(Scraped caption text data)

────────────────────────────────────────

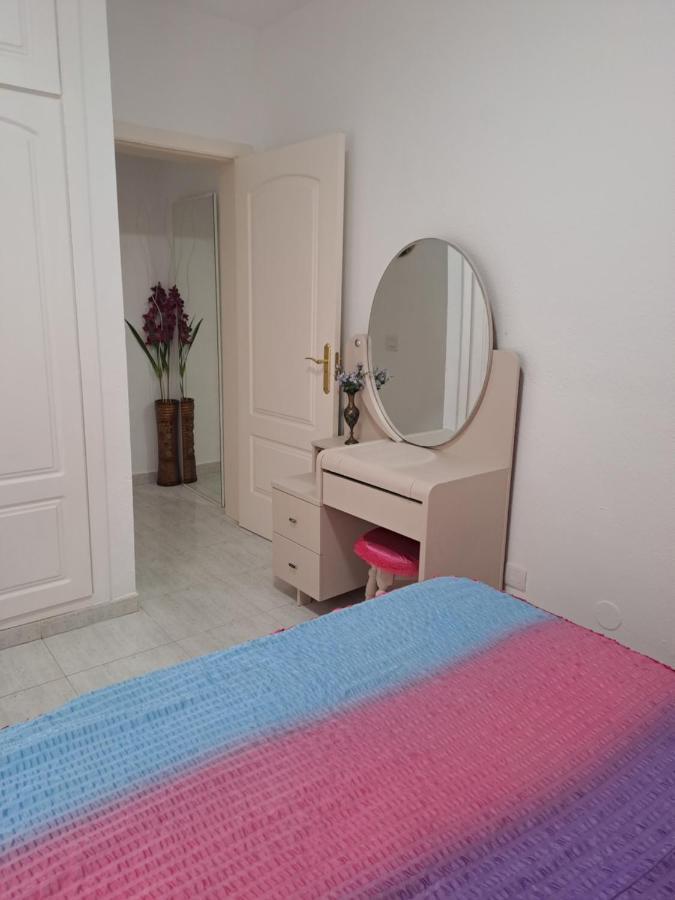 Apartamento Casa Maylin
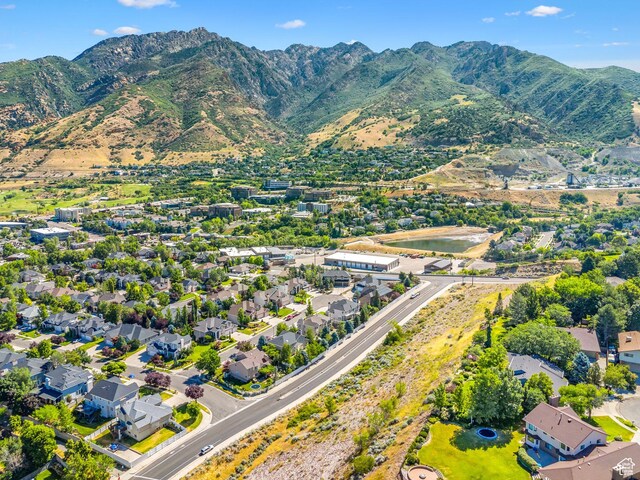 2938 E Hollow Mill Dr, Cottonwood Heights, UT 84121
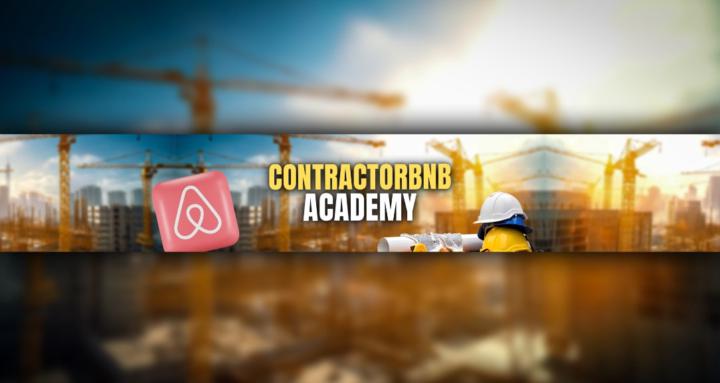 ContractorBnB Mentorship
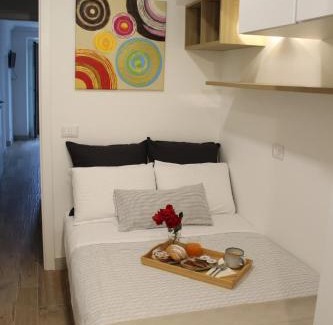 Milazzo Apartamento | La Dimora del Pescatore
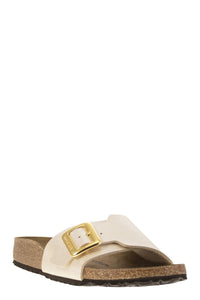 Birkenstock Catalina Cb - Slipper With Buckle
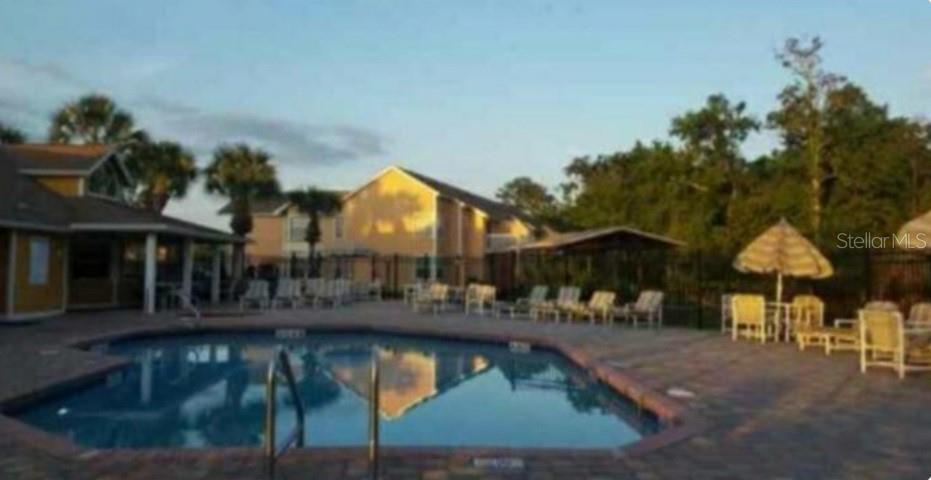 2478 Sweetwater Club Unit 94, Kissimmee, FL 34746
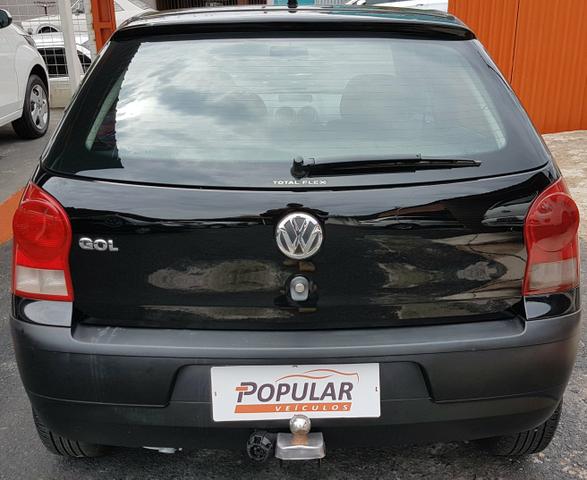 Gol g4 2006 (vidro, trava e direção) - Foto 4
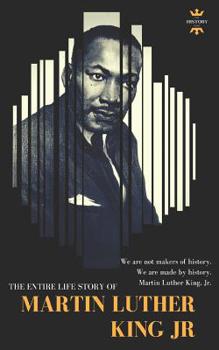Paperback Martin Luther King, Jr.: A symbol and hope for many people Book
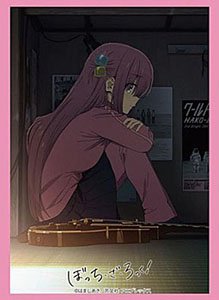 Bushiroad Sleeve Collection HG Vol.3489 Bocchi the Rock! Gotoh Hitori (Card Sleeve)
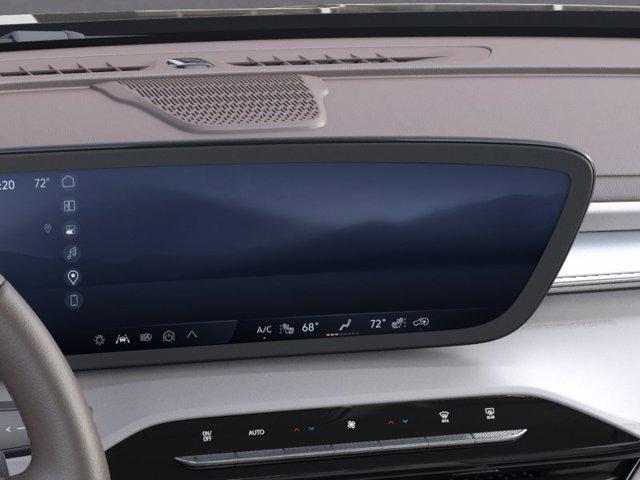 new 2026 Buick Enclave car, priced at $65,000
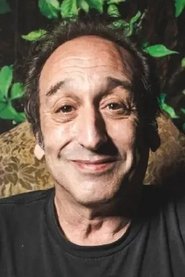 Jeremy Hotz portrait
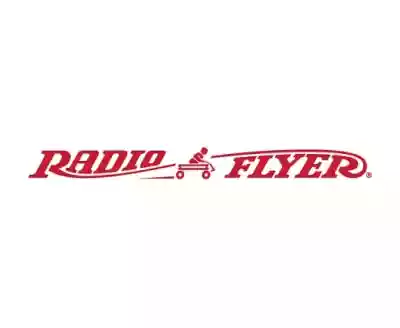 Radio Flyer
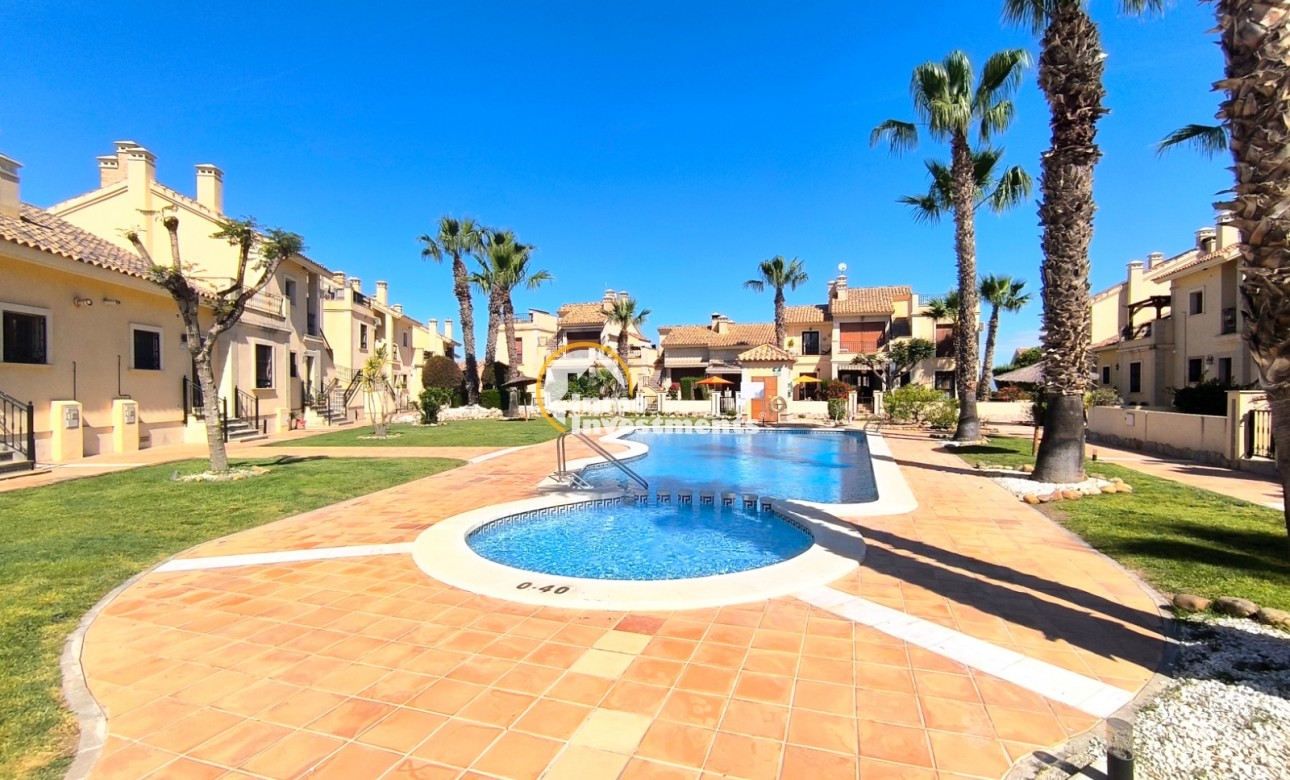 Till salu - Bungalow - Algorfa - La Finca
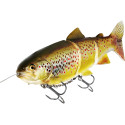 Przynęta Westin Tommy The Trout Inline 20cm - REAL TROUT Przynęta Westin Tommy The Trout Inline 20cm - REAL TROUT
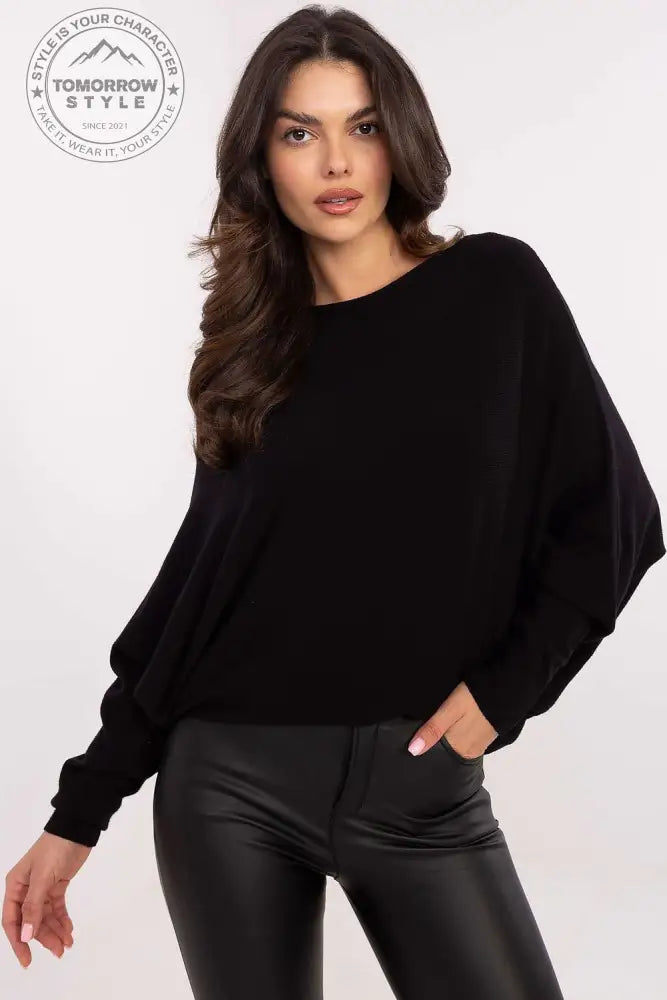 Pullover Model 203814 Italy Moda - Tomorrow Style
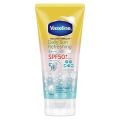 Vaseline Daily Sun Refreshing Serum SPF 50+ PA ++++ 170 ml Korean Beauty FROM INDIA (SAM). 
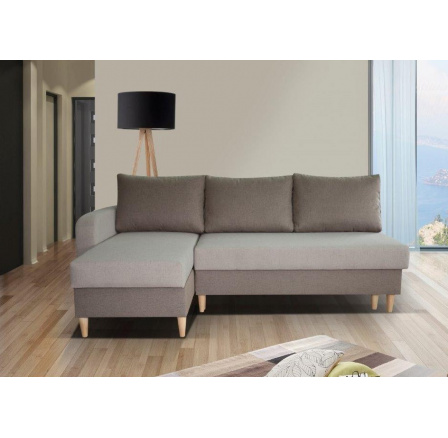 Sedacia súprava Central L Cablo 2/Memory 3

────────────────────────────────────────

◆ **EXERCISE DIRECTIONS**
Every record must be set down again exactly; pictures do not belong in the copy.

◆ **WRITTEN RESPONSE**
 Apartamento Casa Maylin
 2938 E Hollow Mill Dr, Cottonwood Heights, UT 84121
 ContractorBnB Mentorship
 Milazzo Apartamento | La Dimora del Pescatore
 Birkenstock Catalina Cb - Slipper With Buckle
 2478 Sweetwater Club Unit 94, Kissimmee, FL 34746
 Gol g4 2006 (vidro, trava e direção) - Foto 4
Paperback Martin Luther King, Jr.: A symbol and hope for many people Book
 Bushiroad Sleeve Collection HG Vol.3489 Bocchi the Rock! Gotoh Hitori (Card Sleeve)
 new 2026 Buick Enclave car, priced at $65,000
 Jeremy Hotz portrait
 Radio Flyer
 Till salu - Bungalow - Algorfa - La Finca
 Przynęta Westin Tommy The Trout Inline 20cm - REAL TROUT Przynęta Westin Tommy The Trout Inline 20cm - REAL TROUT
 Pullover Model 203814 Italy Moda - Tomorrow Style
 Vaseline Daily Sun Refreshing Serum SPF 50+ PA ++++ 170 ml Korean Beauty FROM INDIA (SAM). 
 Sedacia súprava Central L Cablo 2/Memory 3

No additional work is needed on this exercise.